Abnégation, abnégation, tout, dans ma vie, n’est qu’abnégation. Devant préparer le 150ème dîner, qui, selon une logique toute booléenne, doit apparaître après le 151ème, je me rends au château de Saran, demeure de réception du groupe Moët, pour mettre au point avec le chef Bernard Dance le menu du dîner. Je m’annonce à la porte électrique et lorsque je mets pied à terre, Bernard Dance, Romain le sommelier et Hélène, la maîtresse des lieux, sont là pour m’accueillir. Une coupe de Champagne Moët & Chandon 2002 effacerait un décalage horaire si mon voyage en avait un. Comme ce n’est pas le cas, il montre surtout sa franchise et un épanouissement qu’il n’avait pas jusqu’alors. Ce champagne fait sens aujourd’hui, avec une richesse et une opulence que seul l’âge peut lui donner. Trois cuillers, de saumon, de foie gras et de concombre lui trouvent de belles vibrations.
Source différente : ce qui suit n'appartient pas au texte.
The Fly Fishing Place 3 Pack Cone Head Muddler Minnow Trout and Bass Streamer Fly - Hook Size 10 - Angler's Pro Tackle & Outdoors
Nous sommes trois dans la belle salle à manger, fleurie d’hortensias roses et bleus, Stanislas, Bernard Dance et moi. Le chef a conçu un menu qui ne doit pas préfigurer ce que nous ferons dans un mois, mais doit permettre de réfléchir. Le menu est : noix de Saint-Jacques à l’émulsion de pamplemousse / filet d’agneau en croûte de tapenade d’olive et petits légumes / plateau de fromages / éclair macaron ganache Tagada sauce menthe.
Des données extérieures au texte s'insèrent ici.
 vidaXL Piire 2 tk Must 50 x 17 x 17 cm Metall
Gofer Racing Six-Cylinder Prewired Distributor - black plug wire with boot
Le Champagne Moët & Chandon magnum 1985 a un nez spectaculairement beau. C’est une belle surprise. La bouche est belle, mais le nez de grande race domine. On sent du miel, des blés blonds dans ce vin. Bernard m’explique que l’émulsion de pamplemousse est dimensionnée pour un 2002. Il faudrait l’atténuer pour un 1985, mais je ne boude pas mon plaisir. Sur l’agneau, un Champagne Moët & Chandon rosé 1981 est très pertinent. Sa couleur est d’un rose intense, son nez est discret. En bouche le vin est très adapté au plat.
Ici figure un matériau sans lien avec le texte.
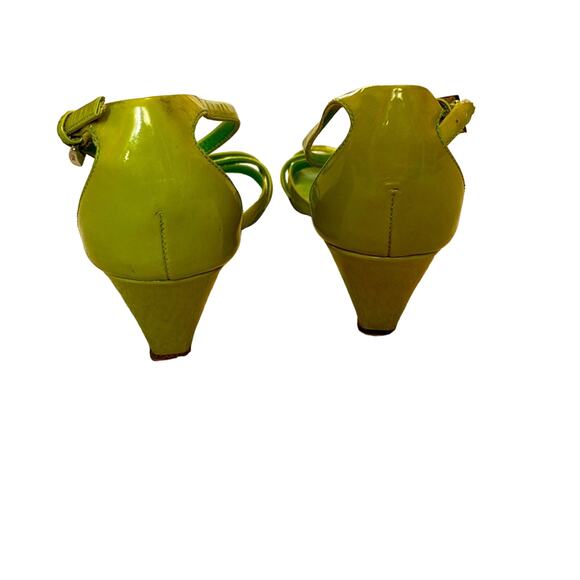 Prada strappy wedges. Patent leather. Lime green. EU 35.5, US Size 5.5. - Picture 4 of 16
J’ai dans ma musette une arme de compétition. J’ai apporté une Côte Rôtie La Turque Guigal 1995. Ce vin légendaire est d’une richesse extrême, avec des évocations de fenouil et d’anis qui sont rafraîchissantes. Et l’on constate avec plaisir que le plat réagit aussi bien à la Côte Rôtie que j’ai trouvée plus discrète qu’elle ne pourrait qu’au champagne rosé délicat mais joyeux.
Sur des fromages très crémeux, la Turque et le rosé sont pertinents. La Turque dit au revoir lorsqu’arrive le dessert qui allume mille lanternes évocatrices de souvenirs d’enfance. La mâche du macaron est diabolique.
Pendant tout le repas, nous avons décliné les plats qui conviendraient aux vins du 150ème dîner. Le dialogue avec Bernard Dance est ouvert, fécond, car il comprend la prédominance des vins, et ne sent pas son art diminué par cette majeure. Nous avons bâti un repas de folie, qui va s’affiner dans les semaines à venir.
Nous passons au salon où le café se pousse avec un Cognac Paradis, antichambre d’une sieste bien méritée. Abnégation, je vous dis.